In the previous eight chapters, you learned about the scalar floating-point, packed floating-point, and packed integer capabilities of AVX and AVX2. In this chapter, you’ll learn about Advance Vector Extensions 512 (AVX-512). AVX-512 is undoubtedly the largest and perhaps the most consequential extension of the x86 platform to date. It doubles the number of available SIMD registers and broadens the width of each register from 256 to 512 bits. AVX-512 also extends the instruction syntax of AVX and AVX2 to support additional capabilities not available in the earlier extensions, including conditional execution and merging, embedded broadcasts, and instruction-level rounding control for floating-point operations.

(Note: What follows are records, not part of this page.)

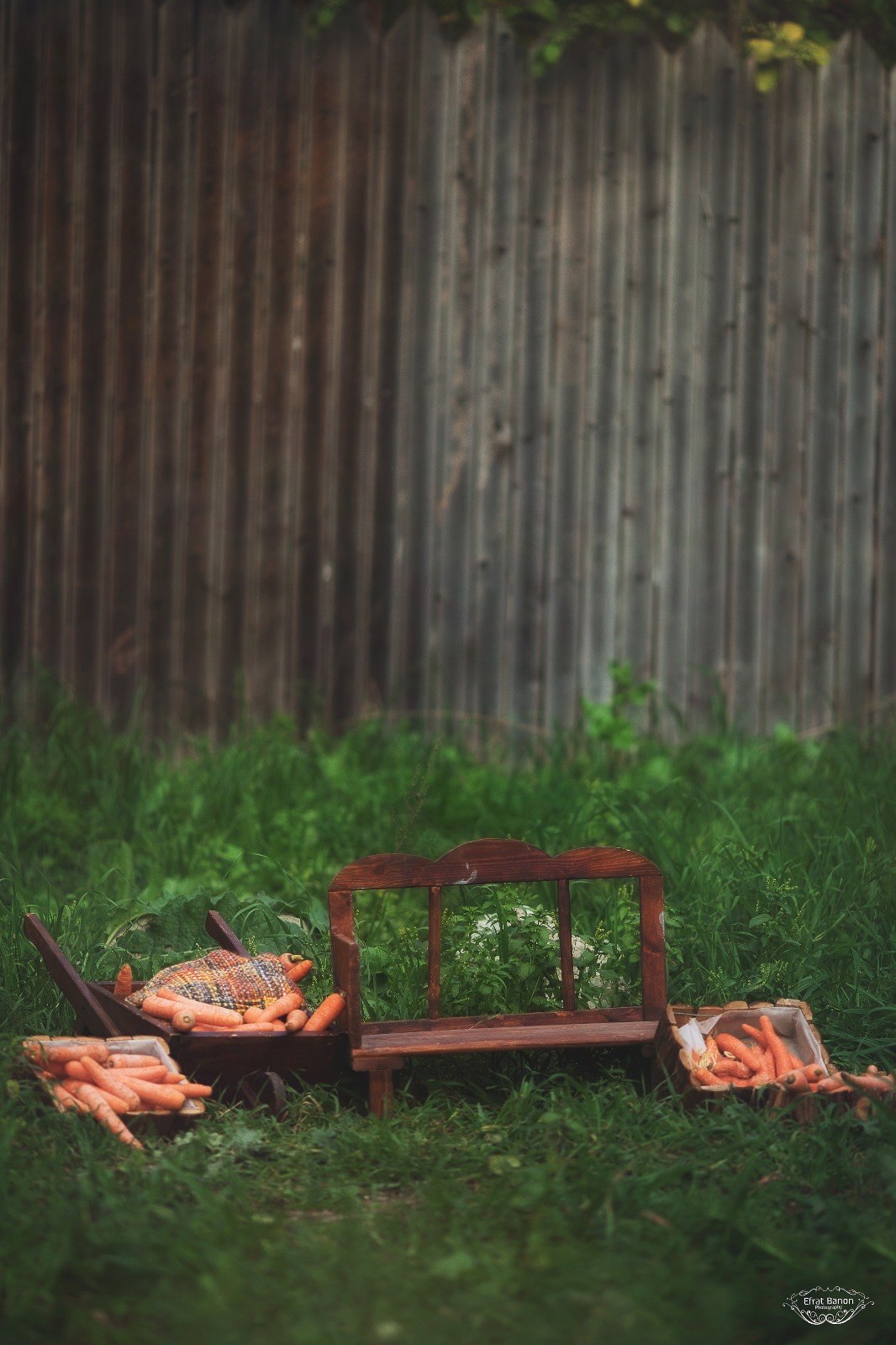 WhatsApp Image 2023-03-05 at 12.03.26 (4).jpeg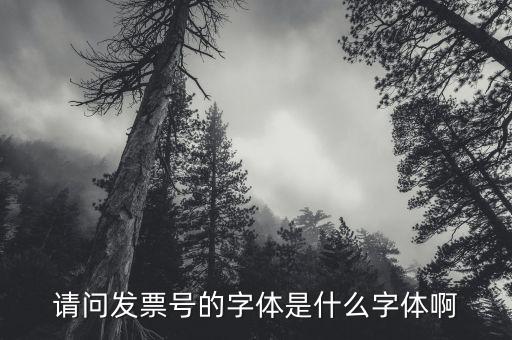 請(qǐng)問(wèn)發(fā)票號(hào)的字體是什么字體啊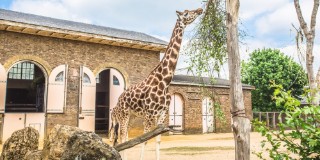 Zoo & Wildlife Park deals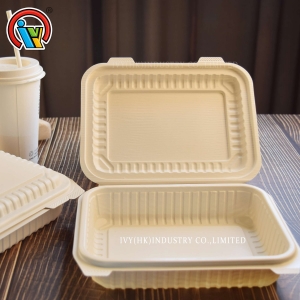 hộp cơm trưa có nắp đậy một ngăn có thể phân hủy sinh học
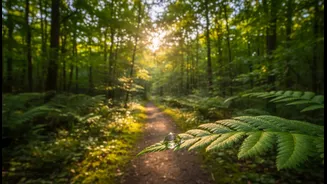 Research Reinforces The Value Of Rest Days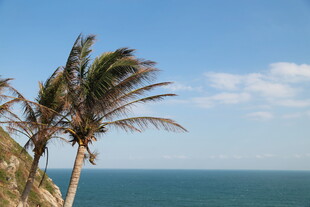 海边摇曳的椰树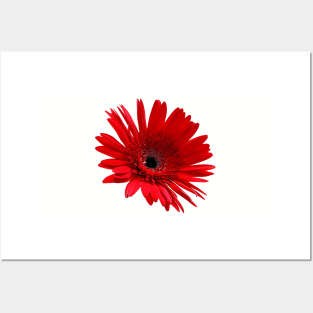 Red flower Posters and Art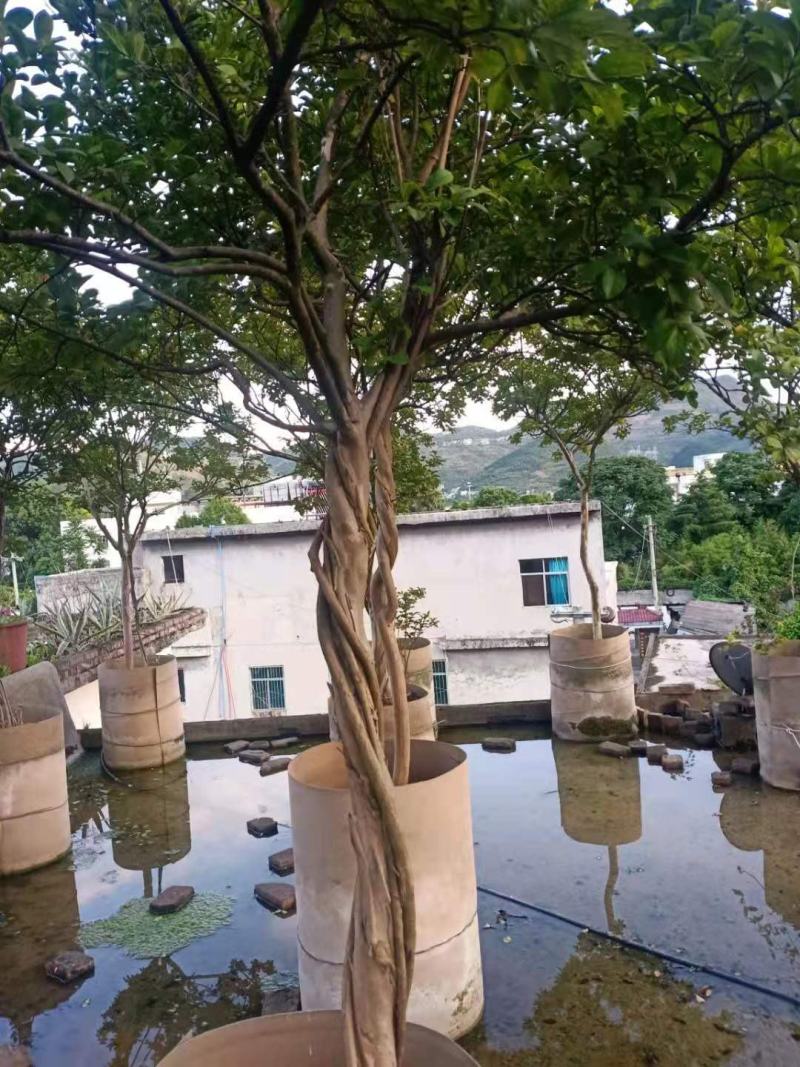紫薇.庭院.公园绿化美化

The content of this chapter is organized as follows. The first section presents a brief overview of AVX-512, which includes information about AVX-512’s various instruction set extensions. This is followed by an examination of the AVX-512 execution environment, including its register sets, data types, instruction syntaxes, and enhanced computational features. The chapter concludes with a synopsis of the AVX-512 instruction set extensions that are included in recently marketed processors for server and workstation platforms.

AVX-512 Overview

Unlike AVX and AVX2, AVX-512 is not a distinct instruction set extension. Rather, it’s a congruous collection of interrelated instruction set extensions. An x86 processor is AVX-512 conforming if it supports the AVX512F (or foundation) instruction set extension. An AVX-512 conforming processor may optionally support additional AVX-512 instruction set extensions and these vary according to the processor’s target market segment (e.g., high-performance computing, server, desktop, mobile, etc.). Table 12-1 lists the AVX-512 instruction set extensions that are currently available in some Intel processors. This table also includes the AVX-512 instruction set extensions that Intel has announced for inclusion in future processors. As of the writing of this text, AMD does not market any processors that support AVX-512.
Table 12-1.

Overview of AVX-512 Instruction Set Extensions

CPUID Flag

Description

AVX512F

Foundation instructions

AVX512ER

Exponential and reciprocal instructions

AVX512PF

Prefetch instructions

AVX512CD

Conflict detect instructions

AVX512DQ

Doubleword and quadword instructions

AVX512BW

Byte and word instructions

AVX512VL

128-bit and 256-bit vector instructions

AVX512_IFMA

Integer fused-multiply-add

AVX512_VBMI

Additional vector byte instructions

AVX512_4FMAPS

Packed single-precision FMA (4 iterations)

AVX512_4VNNI

Vector neural network instructions (4 iterations)

AVX512_VPOPCNTDQ

vpopcnt[d|q] instructions

AVX512_VNNI

Vector neural net instructions

AVX512_VBMI2

New vector byte, word, doubleword, and quadword instructions

AVX512_BITALG

vpopcnt[b|w] and vpshufbitqmb instructions

The discussions in this chapter and the source code examples of Chapters 13 and 14 primarily focus on the AVX-512 instruction set extensions that are incorporated in Intel’s Skylake Server microarchitecture, which was launched during 2017. This microarchitecture is used in Intel’s Xeon Scalable (servers), Xeon W (workstations), and Core i7-7800X and i9-7900X series (high-end desktop) CPUs. Processors based on the Skylake Server microarchitecture contain the following AVX-512 instruction set extensions: AVX512F, AVX512CD, AVX512BW, AVX512DQ, and AVX512VL. Future mainstream processors from both AMD and Intel are expected to include these same AVX-512 extensions. Chapter 16 explains how to use the cupid instruction to detect the AVX-512 instructions set extensions that are shown in Table 12-1.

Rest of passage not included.